Di Kereta Pasundan
Kereta Pasundan menuju Jogja melaju dengan amat lambat, semakin lambat sebab perlunya pergantian lokomotif di Stasiun Cipeundeuy. Sial batinku, hari menyebalkan memang tidak ada di kalender.
Pagi tadi aku melakukan adegan dewasa yang penuh siasat, harap-harap cemas rapat pagi segera usai supaya bisa mengejar kereta tercepat menuju Jogja yang harusnya kulakukan tadi malam. Semua buyar karena urusan pekerjaan yang kalau dipikir lagi, keren juga aku bertahan di tengah kantor yang semakin lama semakin menyebalkan ini.
Bercita-cita menjadi peneliti ternyata juga nggak semudah itu dan setulus yang diajarkan di kelas-kelas antropologi. Ternyata menjadi antropolog tetap nggak dianggap cukup “laku” di pasaran negara ini. Ilmu antropologi rasanya cuma kata yang dipinjam oleh orang-orang semu yang mengakali supaya ide besar penelitiannya “seakan-akan” berpusat pada manusia.
Di luar sana, orang-orang menganggapku bekerja di sebuah tempat yang sangat mulia. Bersama dengan orang-orang pintar dari kampus ternama dalam dan luar negeri dan didominasi oleh rumpun keilmuan yang sangat digdaya didengarnya sebagaimana pembangunan dilihat dari sesuatu yang ‘nampak’ saja. Sungguh berbeda dari kelas-kelas Prof. Laksono, Prof. Heddy, dan Mas Pujo yang senantiasa mengingatkan kami, mahasiswanya, bahwa sesuatu yang ‘nampak’ dan terlihat besar belum tentu berpihak pada manusia.
Banyak sekali proposal yang menuliskan ‘etnografi’ dan ‘partisipasi observasi’ sebagai dua kata kunci yang mahligai dipandang penyalur dana penelitian yang kurasa eksistensi kami para lulusan antropologi pun tidak begitu dianggap valid dan merasa harus dilibatkan oleh mereka para penulis proposal itu.
Sungguh mungkin aku jengah. Kering dan haus akan suasana ruang belajar yang memberdayakan dan memanusiakan orang-orang yang sedang belajar. Tulisan ini mungkin terlihat omong kosong perempuan seperempat abad yang sedang berupaya mencari ‘ruang tumbuh’ untuk mencari maisyah yang tepat.

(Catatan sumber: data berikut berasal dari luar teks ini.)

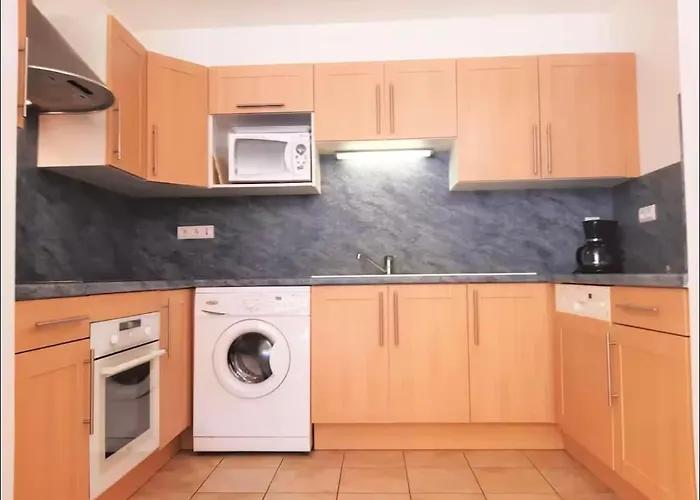 아파트 Lumineux Au Coeur De Saint-lary - Joubarbe *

Meskipun kuakui bahwa tidak ada yang benar-benar ideal di dunia ini. Bandung mungkin nyaman sebagai kota tempat tinggal, dengan udaranya yang dingin dan makanannya yang unik. Namun belum tentu tempat bekerja menjadi ruang yang nyaman untuk tumbuh. Oleh sebab itu, tumbuh dan tinggal tidak selalu bisa berjalan beriringan. Sampai-sampai dalam setiap doa yang belakangan kupanjatkan dengan teriakan sunyi mengingatkanku pada kemuliaan ilmu pengetahuan yang diajarkan di Gedung Soegondo, pada kesunyian catatan-catatan etnografi yang menyingkap nafas serta pengalaman kehidupan manusia, dan pada ketajaman indra analisis yang membuat dunia ini terasa sangat mungkin untuk mendobrak status quo yang menjijikkan.
Mudah-mudahan kita semua dipertemukan pada ruang dan kota yang membawa pada kehidupan yang tidak harus sempurna, namun setidaknya bisa membuatmu bernafas lega.